Bankowy Fundusz Gwarancyjny wszczął przymusową restrukturyzację Idea Banku. W niedzielę został on przejęty przez Pekao.
Pekao się zgłosił
Zdaniem BFG spełnione zostały trzy przesłanki zobowiązujące do podjęcia takiego działania: Idea była zagrożona upadłością, brak było przesłanek wskazujących, że możliwe działania pozwolą we właściwym czasie usunąć zagrożenie upadłością, oraz wszczęcie przymusowej restrukturyzacji wobec banku było konieczne w interesie publicznym (stabilność sektora finansowego i ograniczenie zaangażowania funduszy publicznych).
W praktyce oznacza to, że umorzone zostały akcje Idei warte 125 mln zł (głównym akcjonariuszem jest Getin Holding mający 54 proc., bezpośrednio Leszek Czarnecki i Getin Noble mieli po 10 proc., a giełdowi inwestorzy prawie 26 proc.) i obligacje podporządkowane (około 55 mln zł). Do przejęcia majątku Idea Banku zgłosił się jedynie państwowy Pekao, któremu BFG udzieli maksymalnie 220 mln zł dotacji, ale również gwarancji pokrycia strat kredytowych. Depozytariusze Idei nie utracili żadnych swoich pieniędzy.

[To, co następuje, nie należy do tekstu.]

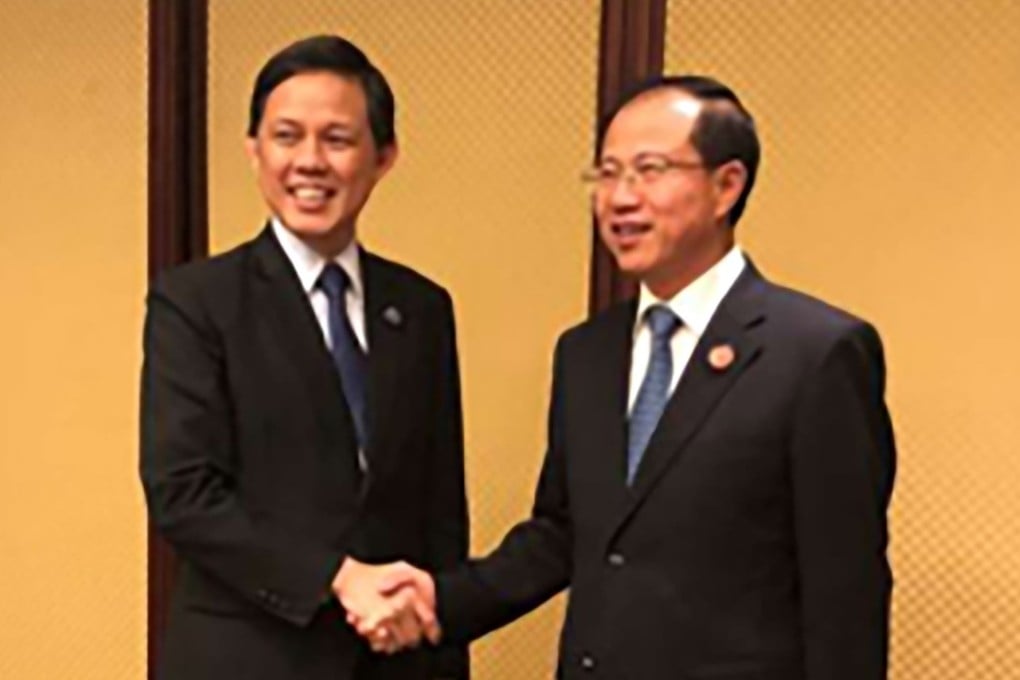Singapore’s Minister for Trade and Industry Chan Chun Sing (left) and Chinese Vice-Commerce Minister Fu Ziying meet in Shanghai on Monday. Photo: Handout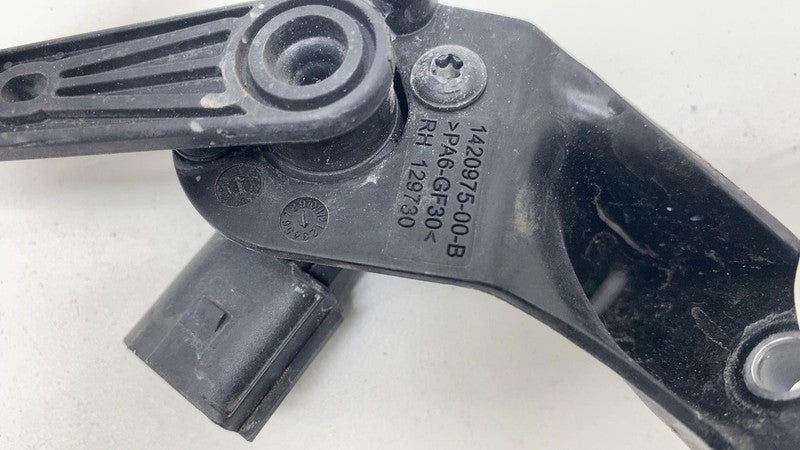 142097600B 2021-2024 Tesla Model S X Rear Right Air Suspension Height Level Sensor RH Assy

– Decyzja BFG to pozytywna dla sektora informacja, zdecydowanie zmniejsza niepewność w branży. Bank ten od lat nie spełniał wymogów kapitałowych i nie było widać czynników wskazujących na możliwą poprawę sytuacji. Pogarszające się otoczenie – spadek stóp procentowych i recesja gospodarcza – jeszcze bardziej pogłębiało problemy tego banku. Uniknięto upadłości, która spowodowałaby duże zaburzenia na rynku bankowym i dla klientów oraz byłaby bardziej kosztowna dla sektora – mówi Brunon Bartkiewicz, prezes ING Banku Śląskiego. Dodaje, że przejęcie przez inny bank to najtańsza, najszybsza i najmniej bolesna dla klientów forma.